La part du maître et les invariants pédagogiques

Juin 1967

L'un des dangers qui menacent de plus en plus la pédagogie internationale, c'est sa propension à la littérature explicative. Tout particulièrement nous sommes inondés d’ouvrages inconsistants et trop souvent gratuits, traitant, comme d’une nouveauté, des relations humaines de l'éducateur et de l’enfant, du chef et du groupe, du patron et de l’ouvrier : de l’école à la vaste entreprise moderne, la liberté est de mise sous les auspices d'une inspiration non-directive qui, pour si spectaculaire qu'elle soit, cherche encore sa formule et surtout, ses techniques.

Sous l’influence de Rogers, spécialement, la non directivité fait des adeptes partout dans le monde, sous la forme d'expériences encore sporadiques, mais dont on ne saurait sous-estimer les résultats immédiats. Cette reconsidération du climat humain dans lequel on tâche d'éliminer les conflits, les blocages entre chefs et subordonnés, éducateurs et éduqués, est une réaction salutaire contre l’autoritarisme de celui qui commande au détriment de celui qui doit obéir. Il s’agirait en somme d'un changement de formule dont la psychothérapie a depuis longtemps prouvé le bien-fondé. Mais que l'on ne se fasse pas d’illusions : le déconditionnement ne va pas jusqu’à un renversement de situation assez; effectif pour assurer la démocratisation de l'école, du groupe, de l’entreprise. Il s’agit surtout de prudentes mesures d’aménagements, sans risques de rompre fondamentalement l’équilibre pré-établi. C'est cependant un progrès évident.

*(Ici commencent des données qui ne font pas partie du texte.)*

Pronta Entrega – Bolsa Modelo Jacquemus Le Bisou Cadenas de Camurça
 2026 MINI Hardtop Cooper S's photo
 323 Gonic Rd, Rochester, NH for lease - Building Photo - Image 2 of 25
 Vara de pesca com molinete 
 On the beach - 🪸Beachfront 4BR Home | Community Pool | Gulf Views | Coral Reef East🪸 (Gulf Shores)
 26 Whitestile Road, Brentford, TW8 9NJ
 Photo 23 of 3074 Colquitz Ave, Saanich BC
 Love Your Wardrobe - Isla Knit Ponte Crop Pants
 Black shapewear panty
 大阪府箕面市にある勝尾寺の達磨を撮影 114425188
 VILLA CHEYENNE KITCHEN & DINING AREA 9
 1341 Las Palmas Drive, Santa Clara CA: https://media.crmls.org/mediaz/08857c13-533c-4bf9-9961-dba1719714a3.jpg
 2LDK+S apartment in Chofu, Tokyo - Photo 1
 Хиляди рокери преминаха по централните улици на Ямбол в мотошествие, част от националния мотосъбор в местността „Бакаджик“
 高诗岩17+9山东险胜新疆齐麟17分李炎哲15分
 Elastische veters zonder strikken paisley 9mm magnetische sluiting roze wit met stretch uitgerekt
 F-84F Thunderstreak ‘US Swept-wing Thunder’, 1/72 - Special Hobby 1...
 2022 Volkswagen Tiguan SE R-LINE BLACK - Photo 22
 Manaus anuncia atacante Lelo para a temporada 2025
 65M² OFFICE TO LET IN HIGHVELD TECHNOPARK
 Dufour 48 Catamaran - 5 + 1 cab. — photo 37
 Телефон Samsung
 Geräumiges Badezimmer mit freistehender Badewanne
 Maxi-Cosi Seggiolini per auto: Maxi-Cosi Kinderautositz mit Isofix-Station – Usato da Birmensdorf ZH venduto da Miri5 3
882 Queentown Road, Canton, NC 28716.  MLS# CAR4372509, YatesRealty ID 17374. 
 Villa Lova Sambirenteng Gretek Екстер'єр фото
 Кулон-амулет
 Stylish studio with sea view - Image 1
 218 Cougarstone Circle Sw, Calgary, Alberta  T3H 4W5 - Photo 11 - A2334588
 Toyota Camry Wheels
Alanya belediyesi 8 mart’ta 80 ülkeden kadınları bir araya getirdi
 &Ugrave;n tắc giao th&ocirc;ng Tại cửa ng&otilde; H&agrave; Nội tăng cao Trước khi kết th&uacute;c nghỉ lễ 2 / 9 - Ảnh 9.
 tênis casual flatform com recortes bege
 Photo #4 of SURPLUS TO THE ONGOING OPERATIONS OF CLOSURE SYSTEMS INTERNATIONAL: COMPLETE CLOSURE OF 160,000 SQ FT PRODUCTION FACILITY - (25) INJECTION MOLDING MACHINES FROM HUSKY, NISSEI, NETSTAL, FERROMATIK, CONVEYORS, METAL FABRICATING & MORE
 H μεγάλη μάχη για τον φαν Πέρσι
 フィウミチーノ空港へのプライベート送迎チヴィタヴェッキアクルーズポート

II ne fait pas de doute que l’expérience particulière de Rogers, dans les données actuelles de la société américaine est digne d’intérêt et riche d'enseignements : dans un milieu où le financement d'une expérience pédagogique semble ne poser aucun problème, toute initiative qui s'appuie sur les activités fonctionnelles des enfants et sur le bon sens et l'esprit réaliste de l'éducateur a chance de réussir. On ne saurait nier que la saine et solide personnalité de Rogers, sa simplicité de conception, sa grande humanité, son intuition de praticien psychothérapeute soient des causes déterminantes de succès. Habitué aux relations de déconditionnement du psychiatre et du malade, Rogers a senti intensément le besoin d'une certaine stabilité de la personnalité dans le mouvement de la vie. Comment découvrir cette stabilité nécessaire et éviter le chaos?

Très influencé par des notions cybernétiques, Rogers tente d'intégrer les différentes situations, les divers moments de la vie à la personnalité. Il s'en va, sur le plan humain, à la recherche de structures nées des résultats de l’expérience personnelle.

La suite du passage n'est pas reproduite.